WORK ITEM »
Only a slice of the listing below is wanted. Retype the lines from the one containing "ordinary cells to" through the one containing "hatches or is born.", exactly, both ends included.

MATERIAL TO PROCESS »
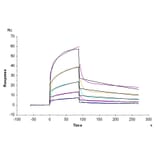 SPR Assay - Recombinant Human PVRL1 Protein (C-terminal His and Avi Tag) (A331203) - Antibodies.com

...

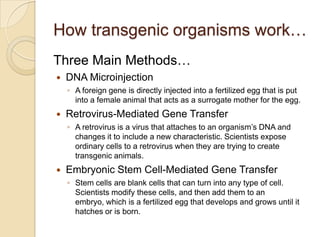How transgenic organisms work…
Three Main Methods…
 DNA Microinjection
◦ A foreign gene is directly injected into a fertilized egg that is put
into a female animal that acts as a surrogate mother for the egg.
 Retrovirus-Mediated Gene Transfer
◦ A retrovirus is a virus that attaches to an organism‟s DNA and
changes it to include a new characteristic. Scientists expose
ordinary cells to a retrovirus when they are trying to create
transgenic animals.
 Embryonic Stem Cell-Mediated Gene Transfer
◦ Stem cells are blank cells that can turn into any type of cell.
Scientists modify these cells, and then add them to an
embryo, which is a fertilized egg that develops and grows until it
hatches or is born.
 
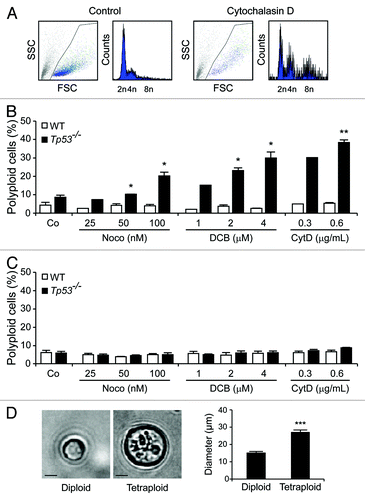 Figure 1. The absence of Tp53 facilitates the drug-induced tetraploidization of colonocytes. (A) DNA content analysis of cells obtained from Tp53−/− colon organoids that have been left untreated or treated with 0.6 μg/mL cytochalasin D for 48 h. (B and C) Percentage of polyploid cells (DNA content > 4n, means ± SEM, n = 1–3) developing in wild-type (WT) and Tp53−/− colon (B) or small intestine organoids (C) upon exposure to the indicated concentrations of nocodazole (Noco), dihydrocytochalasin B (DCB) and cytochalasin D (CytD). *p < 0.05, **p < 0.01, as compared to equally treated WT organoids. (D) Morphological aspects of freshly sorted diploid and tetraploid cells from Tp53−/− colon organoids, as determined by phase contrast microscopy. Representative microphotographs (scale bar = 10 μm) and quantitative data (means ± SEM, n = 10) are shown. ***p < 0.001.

* * *

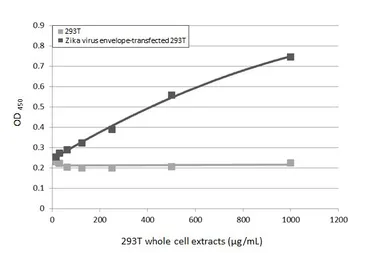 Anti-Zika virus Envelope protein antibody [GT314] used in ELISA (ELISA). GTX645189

ANSWER BOX »
ordinary cells to a retrovirus when they are trying to create
transgenic animals.
 Embryonic Stem Cell-Mediated Gene Transfer
◦ Stem cells are blank cells that can turn into any type of cell.
Scientists modify these cells, and then add them to an
embryo, which is a fertilized egg that develops and grows until it
hatches or is born.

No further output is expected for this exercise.